O Menino Polvo, de Claudia Mascarenhas e Selma Maria (Zagodoni) Existem muitos meninos e meninas-polvo. Eles são muito inteligentes, curiosos, podem passar horas olhando um ventilador, adoram objetos pequenos, nunca ficam muito tempo quietos e andam ou correm, ou sobem em tudo o tempo todo. Eles brincam e fazem confusão demais… mas sempre há um plano secreto.
Enquanto se apresenta entre cores e tentáculos para as crianças, inventando seu jeito para fazer caber tanta vontade, o Menino Polvo abre, para os adultos, uma boa pergunta: vocês já pensaram por que uma criança precisa adotar uma estratégia tão perspicaz quanto essa para conseguir brincar?
É que Ernesto tem um plano. Ele quer alguma coisa, mas, na pressa do dia que precisa acontecer, os adultos não conseguem entendê-lo. Na verdade, parece mesmo que os adultos não podem sequer percebê-lo. A sorte que o menino deu é que aquele dia era o dia da tia vir buscá-lo, e seria ela, sua parceira de farra, que o levaria para a escola. Ele estava todo carregado, tinha um monte de brinquedo em cada uma das suas oito mãos e a mochila, nas costas, estava vazia.
A tia não atravessou o samba de Ernesto, não mandou guardar as coisas na mochila, não apressou o seu passo. Enquanto acompanhava o sobrinho-polvo até a escola, ela estava curiosa sobre os planos do garoto para aquele dia: “O que será que essa criança está pensando?”
A pergunta da tia é, também, a boa pergunta que precisamos nos fazer, antes de decidirmos que a criança está fazendo tudo errado e precisa ser corrigida. Com ela, podemos, inclusive, andar um pouquinho mais:
O que será que esse jeito de fazer as coisas diz da criança e diz do nosso encontro com ela?
Existem muitos caminhos para enfrentarmos essas questões, mas, nenhum deles dispensa a escuta. Vale, inclusive, aprender com o livro que escutar o menino-polvo não é, necessariamente, fazer muitas perguntas sobre suas intenções e planos. Às vezes, o menino está tão assustado, que não encontra palavras para se explicar. Ele precisa primeiro fazer, e depois contar.
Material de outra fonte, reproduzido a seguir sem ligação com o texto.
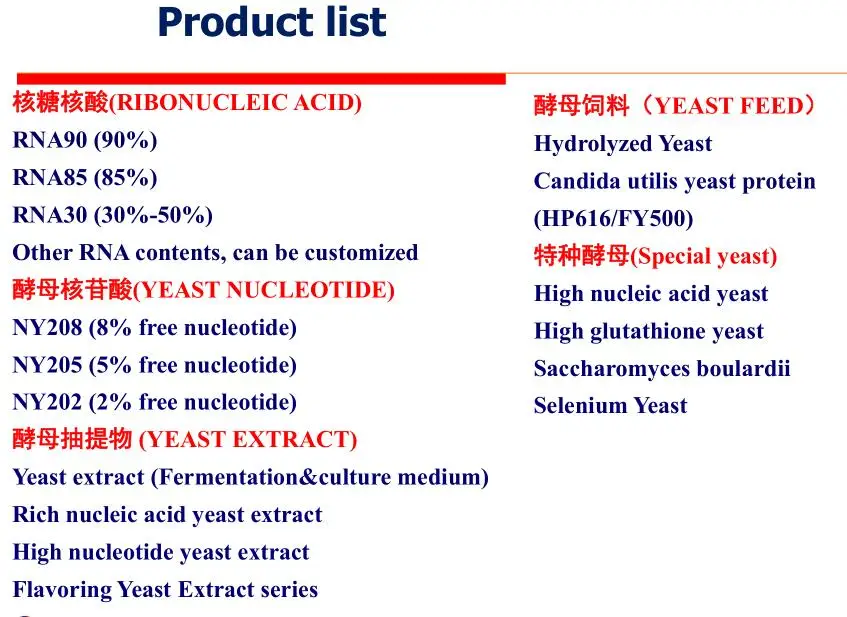 International Advanced Of Autolyzed Yeast Extract Yeast Nucleotide Protein Powder For Animal Feed Ingredients Buy Autolyzed Yeast Extract Animal Feed Autolyzed Yeast Product On Alibaba Com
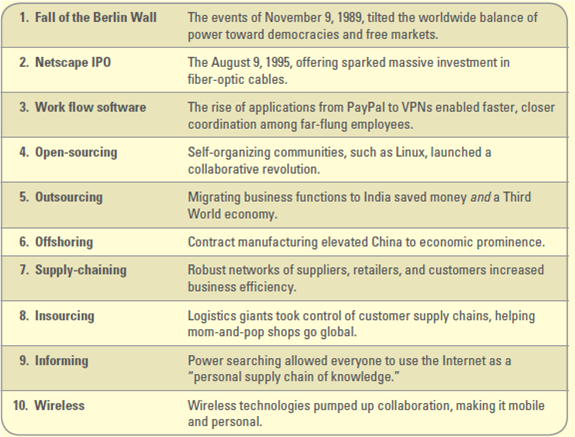 The World Is Flat-Thomas Friedman In his book The World Is Flat, Thomas Friedman describes the unplanned cascade of technological and social shifts that effectively leveled the economic world and accidentally made Beijing, Bangalore, and Bethesda next-door neighbors. Chances are good that Bhavya in Bangalore will read your next X-ray, or as Friedman learned firsthand, Grandma Betty in her bathrobe will make your JetBlue plane reservation from her Salt Lake City home. Friedman believes this is Globalization 3.0. In Globalization 1.0, which began around 1492, the world went from size large to size medium. In Globalization 2.0, the era that introduced us to multinational companies, it went from size medium to size small. And then around 2000 came Globalization 3.0, in which the world went from being small to tiny. There is a difference between being able to make long-distance phone calls cheaper on the Internet and walking around Riyadh with a PDA where you can have all of Google in your pocket. It is a difference in degree that's so enormous it becomes a difference in kind, Friedman states. Figure 1.10 displays Friedman's list of flatteners. FIGURE 1.10 Thomas Friedman's 10 Forces That Flattened the World     Friedman says these flatteners converged around the year 2000 and created a flat world: a global, Web-enabled platform for multiple forms of sharing knowledge and work, irrespective of time, distance, geography, and increasingly, language. At the very moment this platform emerged, three huge economies materialized-those of India, China, and the former Soviet Union-and 3 billion people who were out of the game, walked onto the playing field. A final convergence may determine the fate of the United States in this chapter of globalization. A political perfect storm, as Friedman describes it-the dot-com bust, the attacks of 9/11, and the Enron scandal-distract us completely as a country. Just when we need to face the fact of globalization and the need to compete in a new world, we're looking totally elsewhere. Friedman believes that the next great breakthrough in bioscience could come from a 5-year-old who downloads the human genome in Egypt. Bill Gates's view is similar: Twenty years ago, would you rather have been a B-student in Poughkeepsie or a genius in Shanghai Twenty years ago you'd rather be a B-student in Poughkeepsie. Today, it is not even close. You'd much prefer to be the genius in Shanghai because you can now export your talents anywhere in the world. What are the potential impacts of a flat world for a student performing a job search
Nessa história, escutar Ernesto foi andar ao seu lado e apostar com ele num projeto. Como todo projeto, aquele podia dar certo ou dar errado, e nem era esse o ponto: o caminho pra escola já tinha graça, já tinha encontro. Naquele caminhar, Ernesto já tinha lugar.
A história de Ernesto nos faz pensar em quantos meninos e meninas-polvo encontramos na vida, em casa, na escola, na rua. O que será que elas estão querendo dizer?
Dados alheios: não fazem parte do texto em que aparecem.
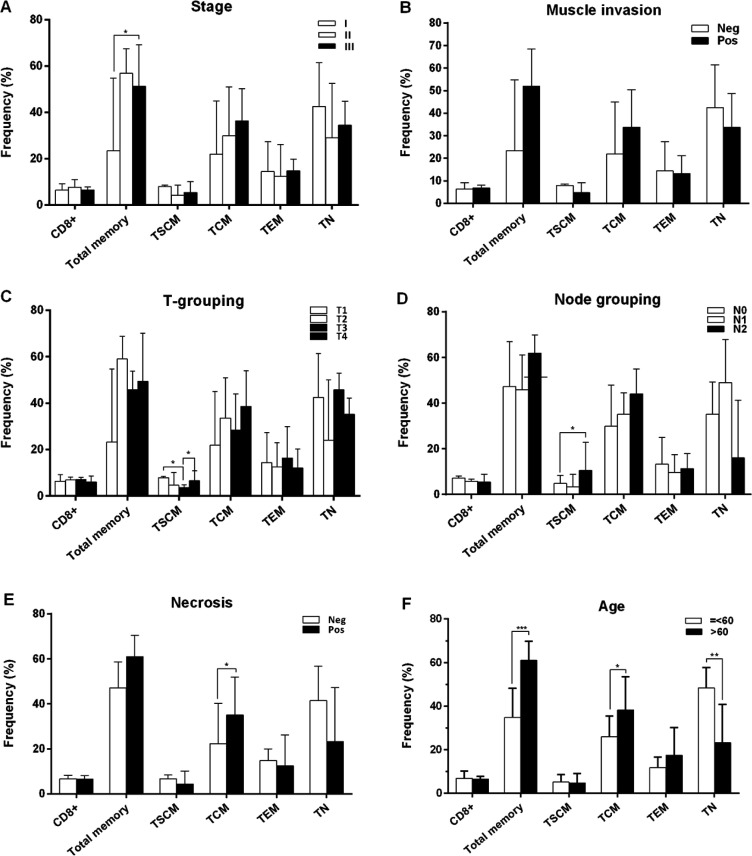 Diversity of Memory CD8<sup>+</sup> T Cells in Tumor-Draining Lymph Nodes from Patients with Bladder Cancer.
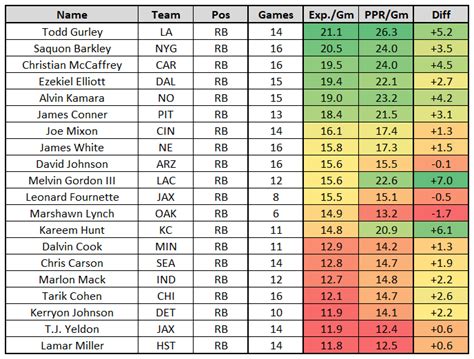 2024 Projected Fantasy Points Gene Jaquith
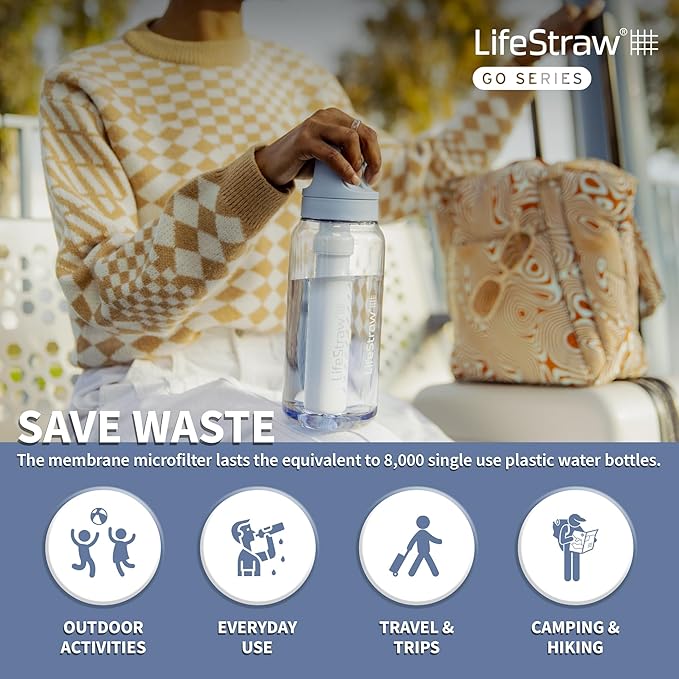LifeStraw Go Series – BPA-Free Water Filter Bottle for Travel and Everyday Use, Removes Bacteria, Parasites and Microplastics, Improves Taste, 1L Nordic Noir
No contexto clínico, a pergunta sobre o sintoma da criança assume muitas e diferentes formas, e se é verdade que, em algumas situações, essa pergunta nos faz decidir sobre a importância de que se inicie um tratamento, em outras tantas nos faz optar pelo contrário, porque o que a criança conta, com seu sintoma, é de outras necessidades e precisanças.
Quando conversei com a Claudia Mascarenhas sobre o livro, ela me disse que “O Menino Polvo” deve ser a primeira história de uma “coleção despatológica”. A boa notícia é que vem aí uma coleção de livros que pretende enfrentar, junto com as crianças, a patologização da vida e das infâncias. O Menino Polvo vai trazer uma coleção de livros para nos ajudar a pensar e problematizar as estratégias do mundo adulto para evitar a necessária crítica política da nossa época.
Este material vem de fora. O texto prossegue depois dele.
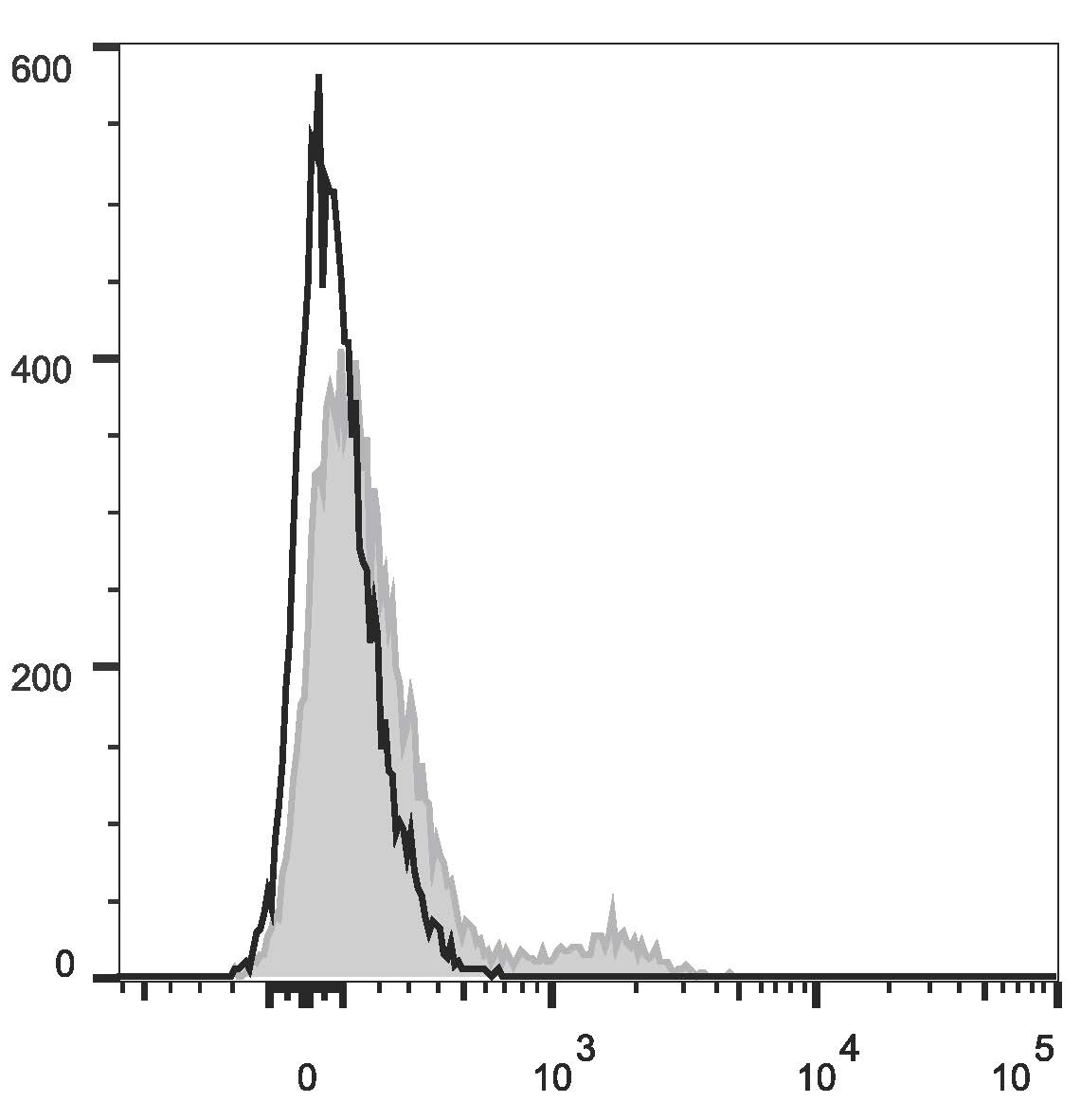 Валидация AssayVector FCM - FCE1831 (1573)
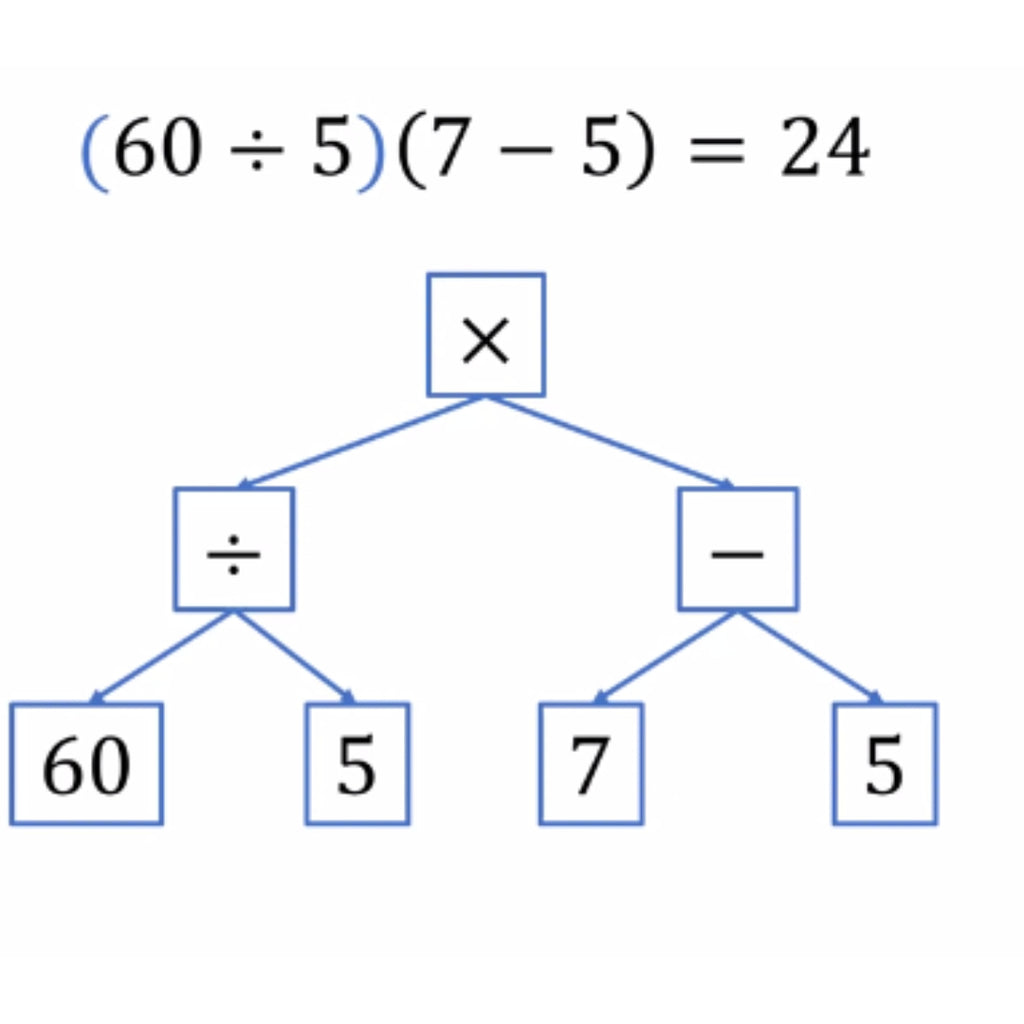 Viral Math Problems #108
Eu perguntei à autora o que tinha motivado uma psicanalista a escrever um livro para crianças, e a resposta foi tão boa que vou transcrever aqui:
Para fazer isso, dessa vez, Claudia entendeu que “a nossa posição ética para a vida precisa atravessar os lugares em que estamos”, e o Menino Polvo chegou em forma de livro. “A ética no cuidado com as crianças, na prática, no encontro com elas, faz com que precisemos enxergar a criança como criança, e, para isso, é preciso estar junto delas, escutar o que dizem e o que fazem.”
Ernesto e as crianças-polvo nos permitem entender que enxergar cada criança é também um jeito de percebermos as múltiplas infâncias.
“O respeito profundo pelas tantas formas de ser criança faz caber cada vez mais gente no mundo”, aposta Claudia, e eu vou com ela.
Entre todas as aberturas que esse livro produz, há uma especial: as crianças foram incluídas na conversa. A oferta de um Menino Polvo para os Ernestos é também uma forma de lhes dar a mão, de lhes oferecer material para enfrentarem as excessivas demandas produzidas pelos adultos apressados. Na nossa conversa, Claudia me disse que, mesmo depois de tantos anos trabalhando com as crianças e com as infâncias, ainda se surpreende com suas sutilezas, com seus jeitos de se dizer e se mostrar.
É verdade mesmo que as crianças têm precisado resistir às nossas demandas de eficiência e, para isso, muitas vezes, se tornam especialistas em construir lugar nos tempos que comprimimos. Ao dar espaço para as invenções de Ernesto, sua tia se deixa surpreender. “E se deixar surpreender”, me diz Claudia Mascarenhas, “é um antídoto contra a previsão”.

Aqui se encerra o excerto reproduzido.